Eğer önyargılar davranışa dönüşür ise, artık bunun adı dışlamadır. Yani önyargı bir tutum, dışlama ise toplumun sevimli ve sıcak bakmadığı bir davranıştır. Yani önyargı bazen kişilere göre belli gerekçelere ve ön bilgilere dayansa da, haklı gerekçesi olmadan diğerlerinin kötü olduğunu düşünmek, önyargının nefrete dönüşmüş boyutudur. Aslında önyargı bir taraf tutma biçimidir. Sakız nasıl elinize bulaşınca uzayıp gidip yapışıyor ise, ağızınızda çok şişincede suratınıza patlar. Allport “erken yargılar yeni bilgilerle yüzleşince değişmiyorsa önyargıya dönüşmüş demektir” der. Yemeğin tadına bakmadan tuz, tatlının tadına bakmadan şeker atan kişi çoktan önyargının esir aldığı insanlar safında yerini almıştır. Oysaki daha fazla araştırılsa yada iletişimler iyi tutulsa ön yargı durumunun ne kadar yersiz ve anlamsız olduğu anlaşılır. İletişim her zaman ön yargı zincirlerini koparır...İnsan, sosyal yaşamında sağlıklı ve mutlu bir yaşam sürebilmek için çevresindekiler ile iletişime geçer. Aynı zamanda ruhsal bedensel ihtiyaçları gidermek için iletişim oldukça gereklidir.
Toplumsal kanun ve kuralları sağlıklı ele alabilmek için iletişim olması gerekir. Bu da gösteriyor ki iletişim, bir insanı yakın ve uzak çevresine bağlayan bir zincirin halkasıdır...

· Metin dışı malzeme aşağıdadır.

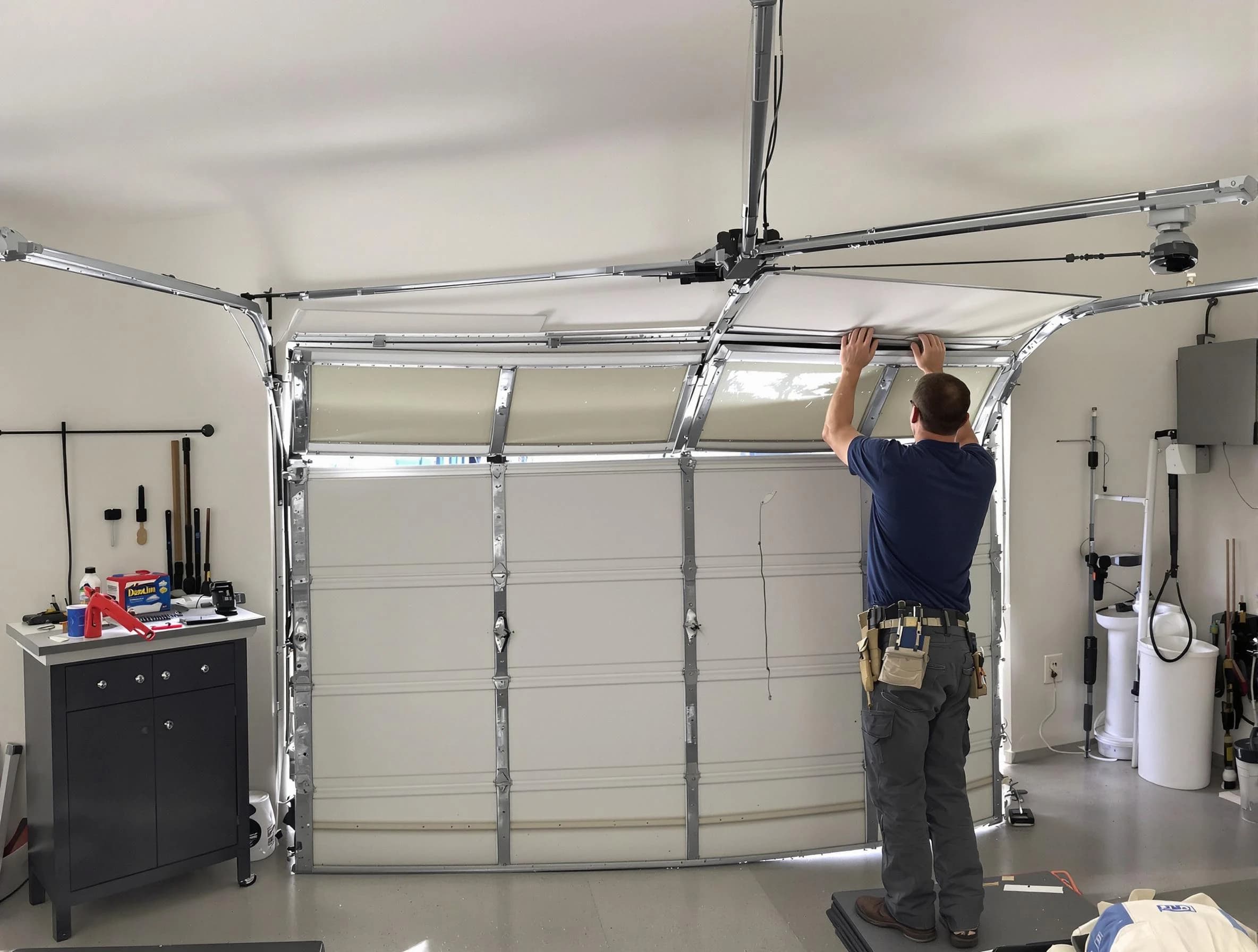 Birmingham Garage Door Repair specialist performing precise section replacement on Birmingham garage door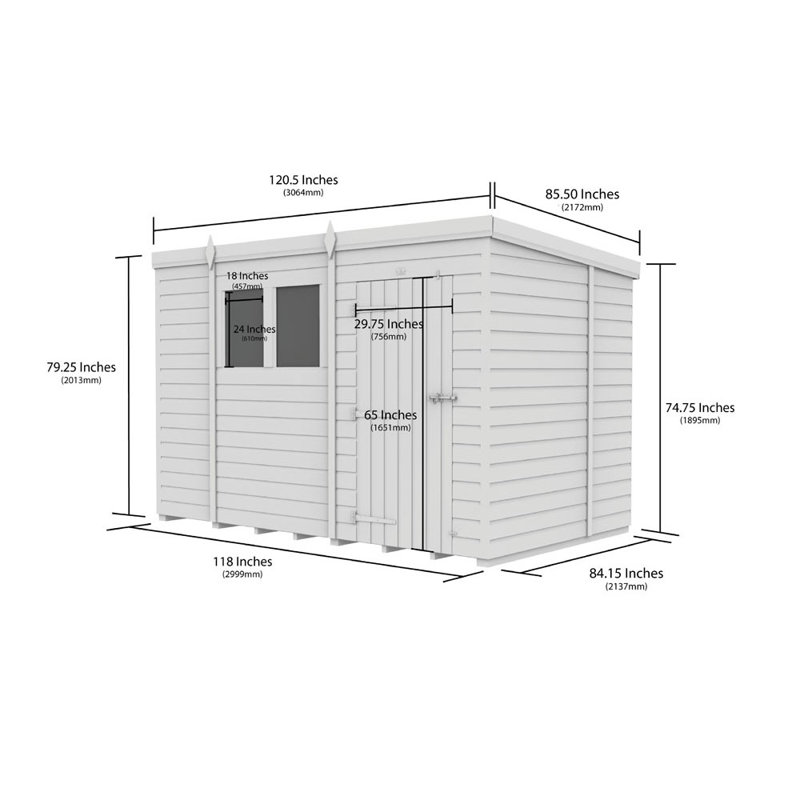 10ft x 7ft Pent Shed - Double Door with Windows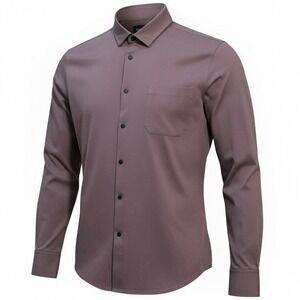 Mizzen + Main Nolan Trim Fit Snap Front Dress Shirt No Tuck Purple Men's Size L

Kıymetli dostlarım hayatta her zaman acele karar vermekten kaçınalım. Bir yemeği bile sindirerek yemek insanı sonrasında rahatsız etmiyor. Ama acele yediğimizde migdemiz rahatsız oluyor. Buna örnek bir çok misaller var. Gelelim bana, ben ise bilmediğim bir insan, konu yada olaylara anca saygı duyabilirim. Böylelikle herkesi tüm samimiyetimle kucaklıyorum ve makaleme her zaman söylediğim şu sözlerim ile son veriyorum. Bugün çok kızdığınız birisine yarın sımsıkı sarılabilirsiniz, Bugün çok sevdiğiniz birisine de yarın kızabilirsiniz. Sonuç itibariyle ikiside uç ve son değil, değişken ve gelişen bir hayatın içindeyiz. Sevgi ve saygılarımla sağlıcakla kalın.